なお、この実施形態では物品WはパレットPに載置された状態でパレットPと一体に移動するため、パレットP自体を「物品」としてもよいし、物品WとパレットPを合わせたものを「物品」としてもよい。
【0019】
リフト装置3のX方向片側には、スタッカクレーン2が停止可能である。スタッカクレーン2は、Y方向に延びる走行レール8上を走行可能である。スタッカクレーン2は、走行部9と、移載部10とを有している。移載部10は、上下方向に移動可能であり、さらに物品Wを移載するためのスライドフォーク11を有している。スライドフォーク11は、移載部10からX方向片側にスライド可能になっている。
【0020】
(2)リフト装置
リフト装置3は、主に、ローラ機構13と、リフタ15とを有している。ローラ機構13は、フレーム17と、複数のフリーローラ19とを有している。フレーム17は、地面より高い位置に配置された部材であり、上面17aを有している。フリーローラ19は、フレーム17において回転自在に支持されている。フリーローラは、Y方向に一定の間隔をあけて並んでおり、回転軸はX方向に平行になっている。
【0021】
フレーム17のY方向下側が搬入方向手前側であり、Y方向上側が搬入方向奥側である。フレーム17の搬入奥側には、奥側ストッパ21が設けられている。奥側ストッパ21は、プレート部材であり、フレーム17の上面17aからさらに上方に延びている。
【0022】
フレーム17のX方向両側には、フレーム17から離れた位置に側方ガイド23が設けられている。側方ガイド23は、フレーム17の上面17aよりさらに上方の位置に配置されている。
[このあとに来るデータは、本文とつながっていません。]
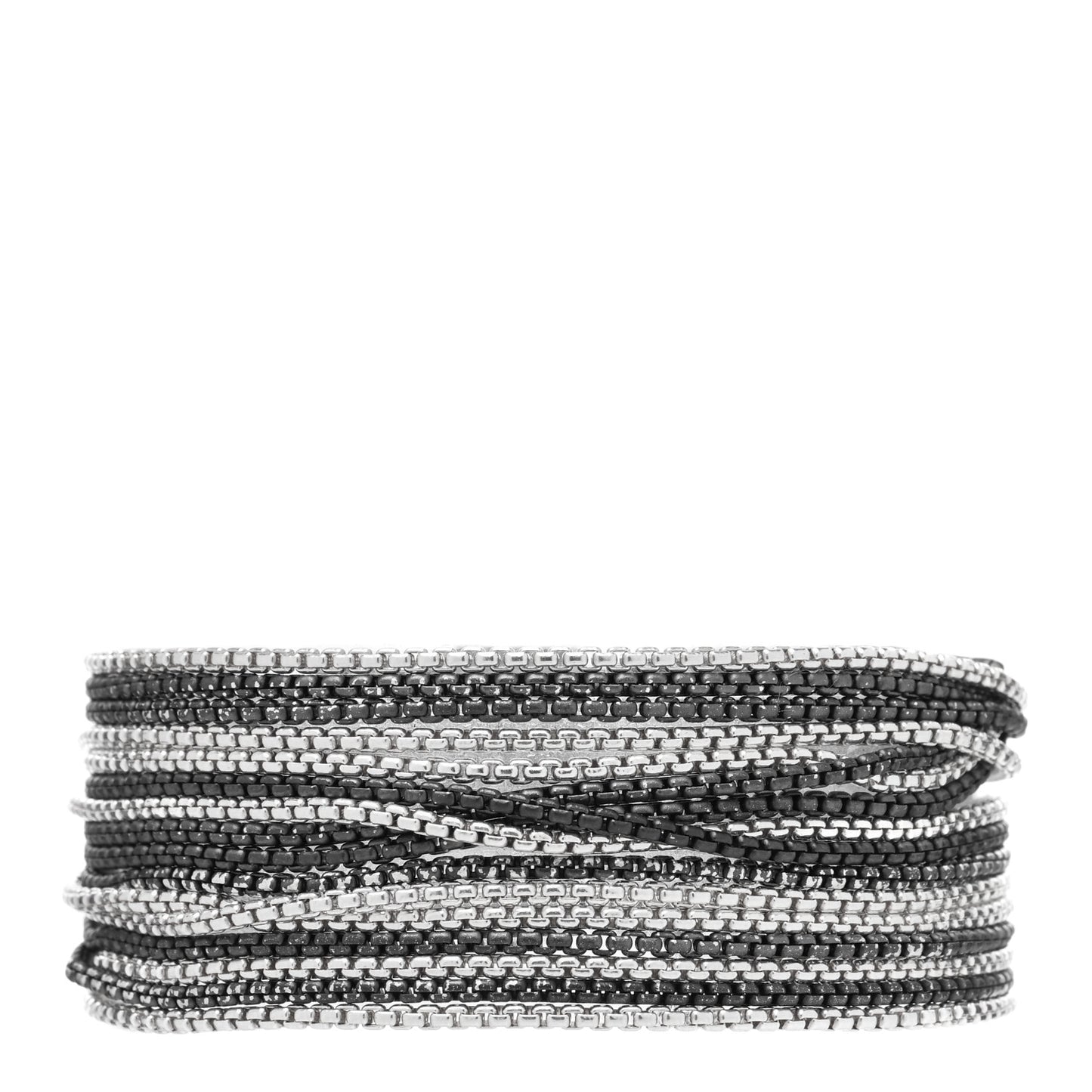Darkened Sterling Silver 21mm Multi Row Box Chain Bracelet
なお、図では、側方ガイド23を支持する構造は省略されている。
【0023】
リフタ15は、基台27と、昇降台29と、昇降機構31と、昇降シャフト33とを有している。基台27は、地面に載置されている。昇降台29は、基台27の上方に配置されている。昇降機構31は、シザース機構を有しており、基台27と昇降台29を連結すると共に、昇降台29を基台27に対して上下動させる。昇降台29は、図1から明らかなように、フレーム17よりX方向両側に幅が広くなっている。昇降シャフト33は、昇降台29の四隅から上方に延びており、フレーム17のX方向両側に2本ずつ配置されている。なお、昇降シャフト33同士は、図示しないが、互いに連結されていてもよい。
【0024】
搬入方向(Y方向)手前の昇降シャフト33には、手前側規制部材35が設けられている。手前側規制部材35は、昇降シャフト33とともに上下動するとともに、物品Wの動きを規制するための部材である。手前側規制部材35は、上下方向に延びるプレート部材であって、下端部と昇降シャフト33の上端が連結部材37によって連結されている。手前側規制部材35の位置は、フレーム17の搬入方向手前側端付近である。
【0025】
(3)搬送台車
搬送台車5は、図1に矢印で示すように、X方向右側からリフト装置3のY方向手前側に移動可能である。搬送台車5は自動走行でも手動走行でもよい。
【0026】
(4)プッシャ
プッシャ7は、図1および図2から明らかなように、搬送台車5がリフト装置3のY方向手前側に配置された状態にあるときに、リフト装置3との間に搬送台車5を挟む位置に配置されている。つまり、リフト装置3、搬送台車5,プッシャ7がY方向に並んで一直線上に配置されている。この状態で、プッシャ7は、搬送台車5上の物品Wをリフト装置3に向けて押し出すことができる。
【0027】
プッシャ7は、プッシュ部材39と、駆動機構(図示せず)と有している。なお、プッシュ部材39のX方向幅は、リフト装置3の一対の手前側規制部材35同士のX方向幅より短くなっており、しかもプッシュ部材39がリフト装置3に最も接近した状態でもプッシュ部材39が一対の手前側規制部材35に干渉しないようになっている。
【0028】
(5)リフト装置の制御構成
図3を用いて、リフト装置3の制御構成について説明する。図3は、リフト装置の制御構成を示すブロック図である。
【0029】
制御部41は、CPU、RAM、ROMからなるコンピュータであって、メモリから読み込まれたプログラムを実行することで制御動作を行う。制御部41には、昇降駆動部43と、光電センサ45と、リミットスイッチ47が接続されている。昇降駆動部43は、制御部41からの指令に基づいて昇降機構31を駆動する。光電センサ45は、リフト装置3のフレーム17上に物品Wが置かれているか否かを検出する。リミットスイッチ47は、昇降シャフト33の上面に物品Wが置かれているか否かを検出する。
【0030】
(6)リフト装置の制御動作
図4を用いて、リフト装置3の制御動作を説明する。図4は、リフト装置の制御動作を示すフローチャートである。
【0031】
初期状態では、図2に示すように、リフト装置3の昇降シャフト33および昇降台29は下方位置に配置されている。したがって、昇降シャフト33の上面および手前側規制部材35の上端は、フレーム17の上面17aおよびフリーローラ19の上面より下方の位置にある。
【0032】
ステップS1では、制御部41は、物品Wがプッシャ7に押されてフレーム17およびフリーローラ19上に搬送されてくるのを待つ。制御部41が光電センサ45からの信号により物品Wが搬入されたと判断すると、プロセスは制御ステップS2に移行する。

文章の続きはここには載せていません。